La guerra contra los pisos turísticos no da tregua. Esta semana, la prensa ha recogido varios frentes abiertos que están poniendo patas arriba el sector. Desde sentencias que anulan multas en Madrid hasta la decisión de Bruselas de tumbar la prohibición total de licencias en Baleares, pasando por la multimillonaria sanción a Airbnb. Los vecinos, divididos. Los propietarios, confundidos. Y los inquilinos, atrapados en medio.
Madrid: la justicia anula las multas a pisos turísticos
Según Idealista, la justicia ha anulado las multas a los pisos turísticos en Madrid en siete sentencias diferentes. Los tribunales consideran que el Ayuntamiento no ha justificado adecuadamente las sanciones. Esto ha generado un terremoto: los propietarios respiran aliviados, pero los vecinos denuncian que la falta de control dispara los precios del alquiler residencial.
Bruselas tumba la prohibición total de licencias en Baleares
El Govern balear intentó prohibir por completo nuevas licencias turísticas en pisos. Pero Bruselas lo ha declarado ilegal, según publica La Razón. La Comisión Europea considera que la medida restringe la libre prestación de servicios. ¿El resultado? Las comunidades autónomas buscan alternativas, como la nueva Ley del Turismo vasca que exige renovar las licencias cada cinco años, según Deia.
Airbnb, en el punto de mira: multa de 64 millones
La plataforma no se libra. El Mundo informó que Consumo sancionó a Airbnb con 64 millones por anunciar viviendas sin licencia. La justicia ha obligado a pagar, según EL PAÍS. Y aunque el registro de alquiler turístico cayó, la multa sigue en pie, confirma Demócrata. Airbnb, mientras tanto, se enfrenta a demandas similares en Chicago y Sídney, según Vacation Rental Intel.

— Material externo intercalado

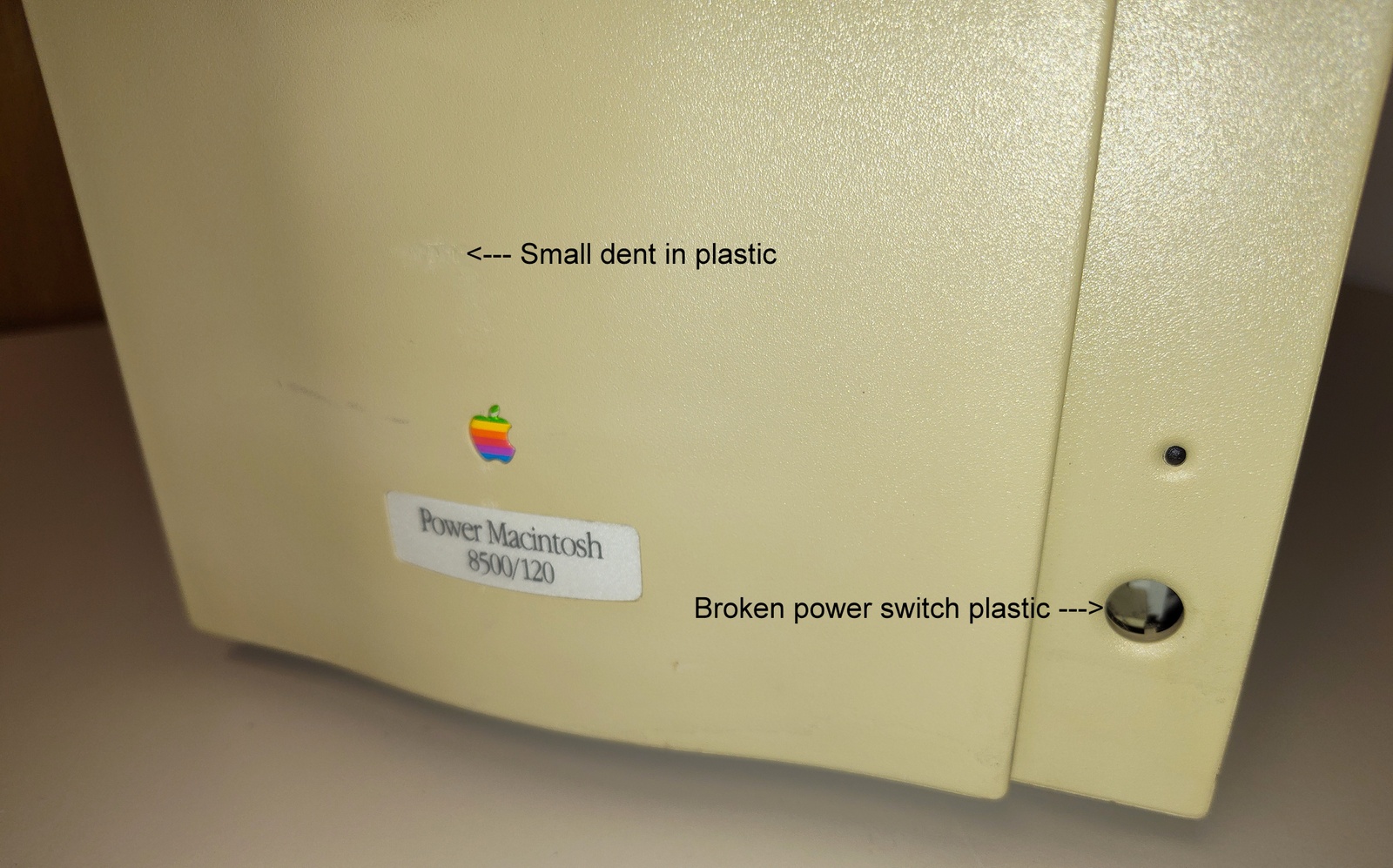 Apple Power Macintosh PowerMac 8500/120 120MHz PowerPC 604 128MB RAM 1GB SCSI HDD - Image 2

¿Qué dice la ley y qué puedes hacer?
La normativa es un caos. Cada comunidad autónoma tiene sus reglas. En general, los pisos turísticos necesitan licencia y cumplir requisitos de habitabilidad, seguridad y convivencia. Si eres propietario, verifica que tu vivienda cumple la normativa local. Si eres vecino, denuncia actividades ilegales al ayuntamiento. Y si eres inquilino, exige que tu contrato de alquiler no sea un piso turístico encubierto.
La batalla no ha hecho más que empezar. Los tribunales, Bruselas y las plataformas están redefiniendo las reglas del juego. Mientras tanto, la tensión en las comunidades de vecinos crece. ¿Hasta dónde llegará esta guerra?